Modeline dikkat etmediği, motor gürültüsünden hayli yaşlı olduğu belli olan otomobil nerdeyse uçsuz bucaksız otlakların içinden sarsıla sarsıla yol alıyor. Meralarda bir başına otlayan sığırlar dışında nerdeyse canlı izine rastlanmıyor.
Bueno Aires’ten uzaklaşalı nerdeyse iki saat olmuş. Nereye gittikleri hakkında bilgisi yok. Sabah sormamış, onlarda söylememiş. Çünkü uluslararası ortak dil İngilizce ile konuşmak refakatçi ev sahiplerine ağır geliyor. Ve çünkü İngilizce onların Malvinas dedikleri Folkland işgalcisi, tarihlerinde düşman belledikleri, savaştıkları İngiltere’nin dili. Üstüne Latin Amerika’nın antiemperyalist duyarlılığı eklenince İngilizce konuşmak otomobildeki diğer üç solcu Arjantinliye gerçekten zor geliyor.

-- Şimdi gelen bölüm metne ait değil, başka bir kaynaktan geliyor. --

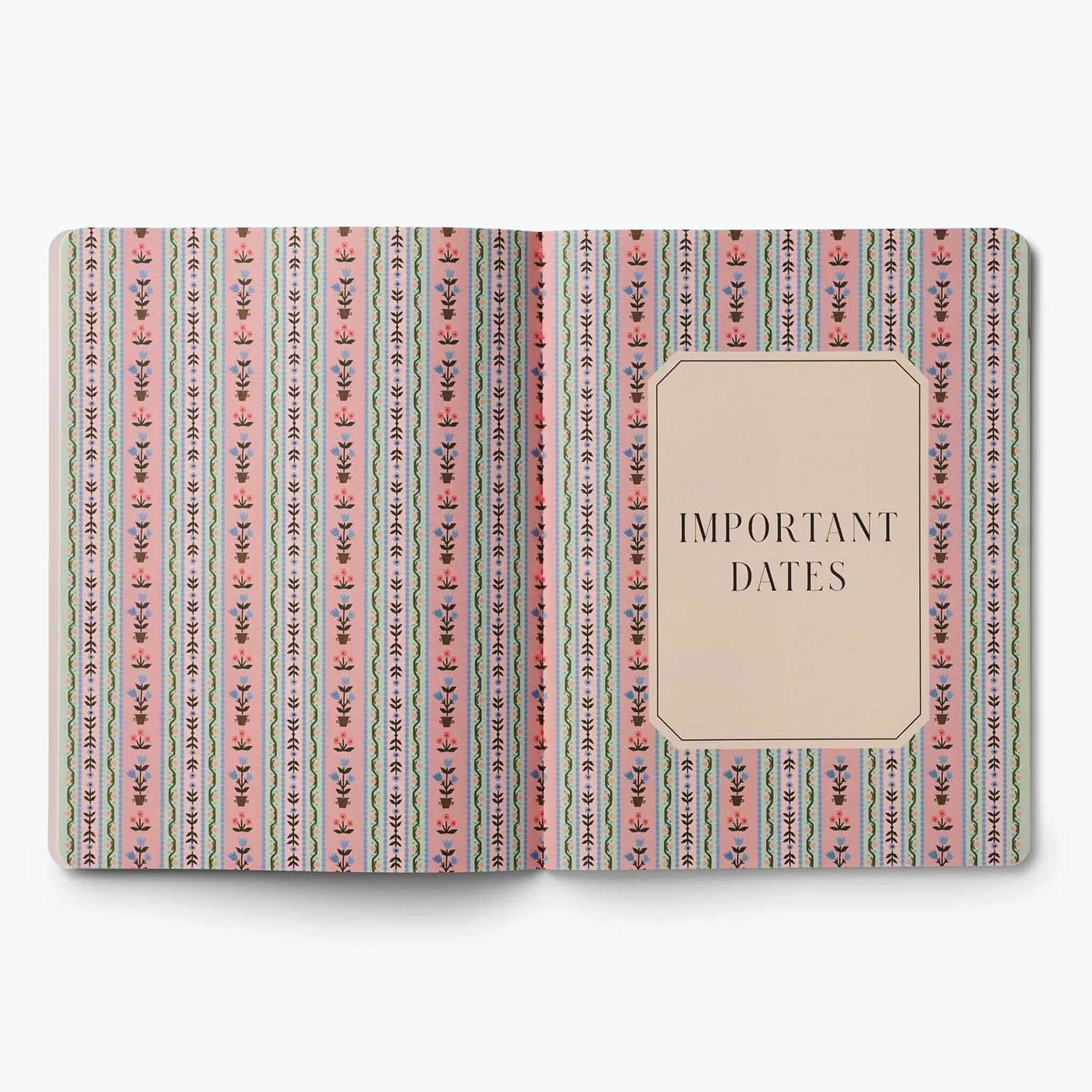 Rifle Paper 2027 Monthly Appointment Notebook - Ladies Night Book Club open to important dates page with floral design.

Ama başka da anlaşılacak bir dil yok. Kendisi de onları zorlamıyor. Birlikte gördükleri ve geçtikleri yerler ile ilgili öğrenmek istedikleri olsa da, merakını bastırıyor ve sorulardan özelikle kaçınıyor. Onlar açıklama yapmazsa kendisi susmayı tercih ediyor. Adeta sağır dilsiz gibi yanlarında geziyor. Arada mimikler ve dokunuşlar olmasa hiç iletişim olmayacak.
Zaten açıklamaları da iyi anlayamıyor. Çünkü iki tarafın da İngilizcesi farklı ve yetersiz. Normal bir İngiliz’in de belki anlayamayacağı bir İngilizce ile anlaşmaya çalışıyorlar.
Dikiz aynasından bir ara bu durumu sanki normal karşılayan garip yüzüyle karşılaşıyor.
Belki anadili yasak bir coğrafyadan geldiği içindir.
Belki de Arjantinli dostlarına güçlü görünme isteği var.
Ama anlaşılmamanın da ne kadar ciddi bir mesele önemli olduğunu bir kez daha iyi anlıyor. Ve asimilasyona bir kez daha lanet okuyor.
Nihayet arada iki katlı çoğu tek katlı evlerden oluşan bir yerleşim yeri görünüyor. Kendini toparlıyor. Sözlüğünü çıkarıyor.
“Nereye geldik?”
“La Plata denilen bir kente geldik.”
Burası daha çok bir köye benziyor. Tabii ki bunu kendi kendine söylüyor.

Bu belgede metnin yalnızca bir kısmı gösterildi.